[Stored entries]
_ _ _

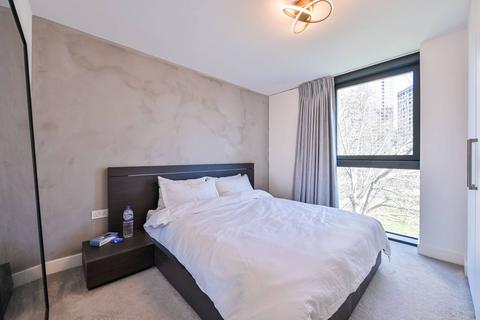 1 bedroom flat to rent, Churchyard Row, Elephant and Castle, London, SE11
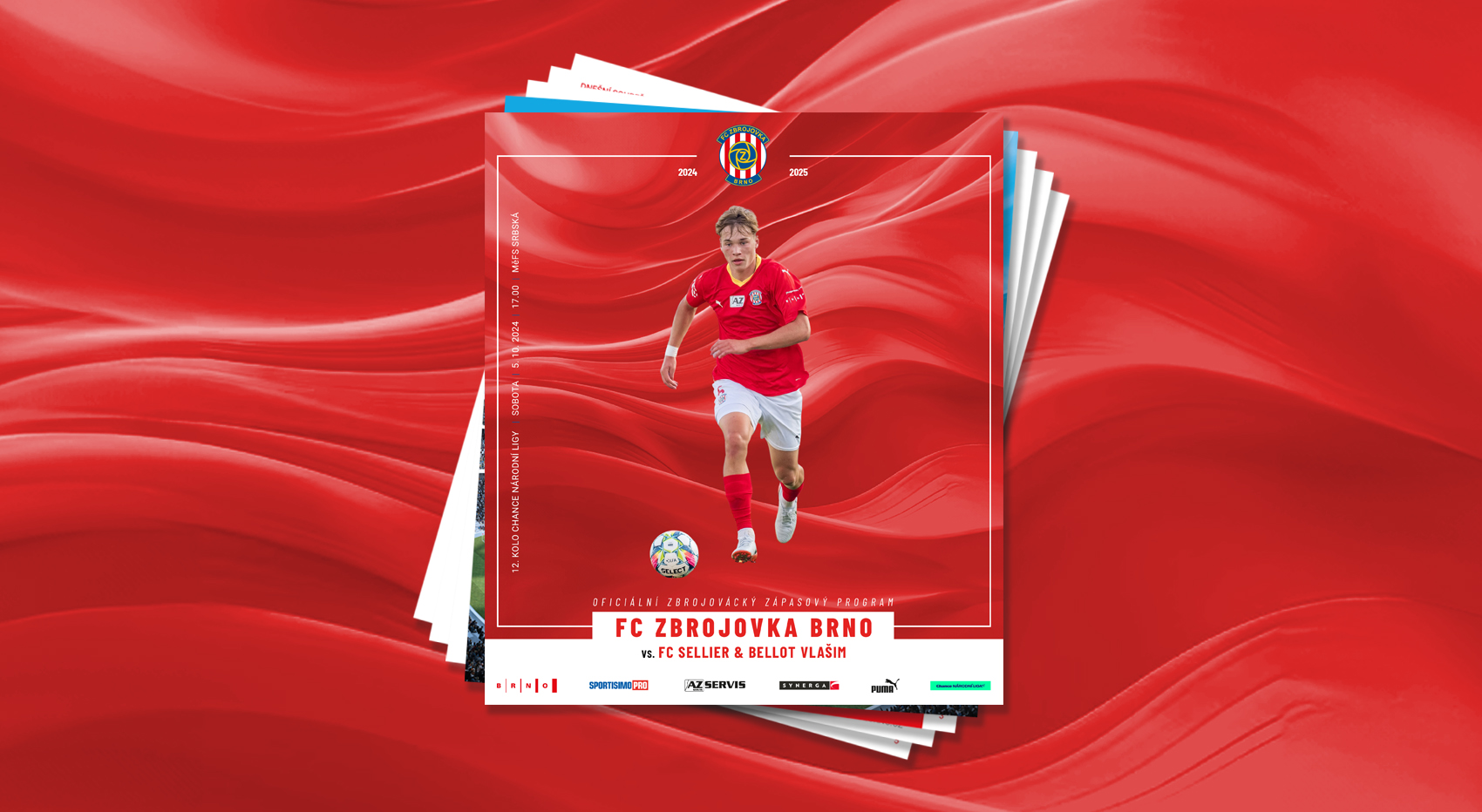 Z�pasov� bulletin na utk�n� s Vla�im�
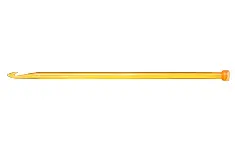 51408 Крючок односторонний с ограничителем Trendz KnitPro, 10.00 мм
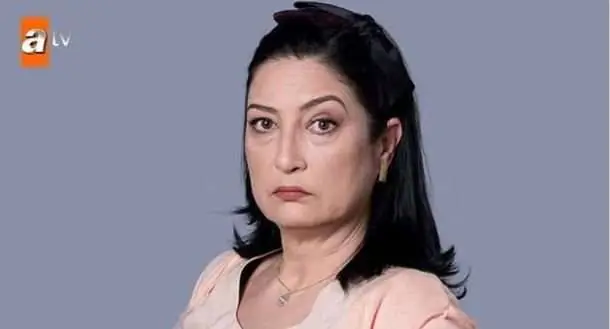 Mercan Köşk Hafsa Mercandağ Kimdir?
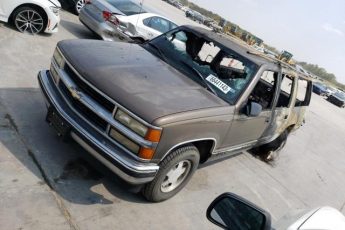 3GNEC16R1VG127004 | 1997 Chevrolet suburban c1500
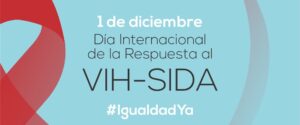 Realizarán este jueves una jornada de testeo y sensibilización en el Día Internacional de la Respuesta al VIH-SIDA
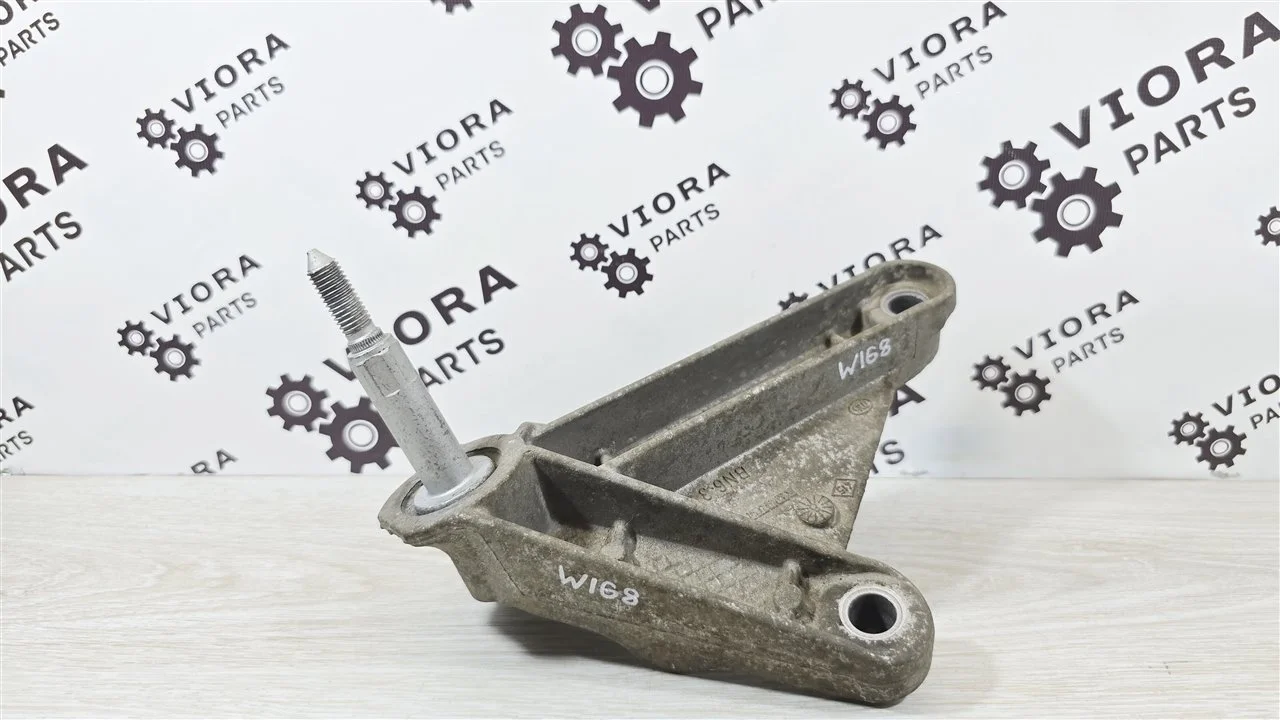 Кронштейн МКПП Renault Megane 2009 112533062R 2 K4M-812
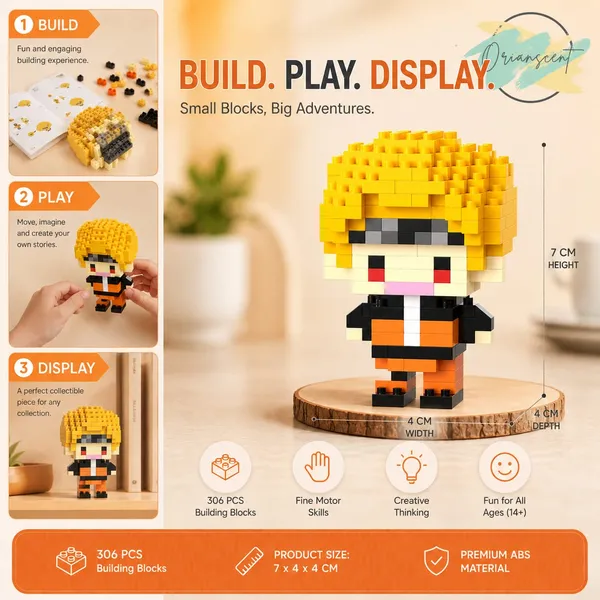 Naruto_Mini_Ninja_Hero_Building_Block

_ _ _

* **What is being asked**
Output only the lines running from the one containing "Кронштейн МКПП Renault" to the end of the records, inclusive and exact; skip the pictures.

* **Output of the exercise**
 Кронштейн МКПП Renault Megane 2009 112533062R 2 K4M-812
 Naruto_Mini_Ninja_Hero_Building_Block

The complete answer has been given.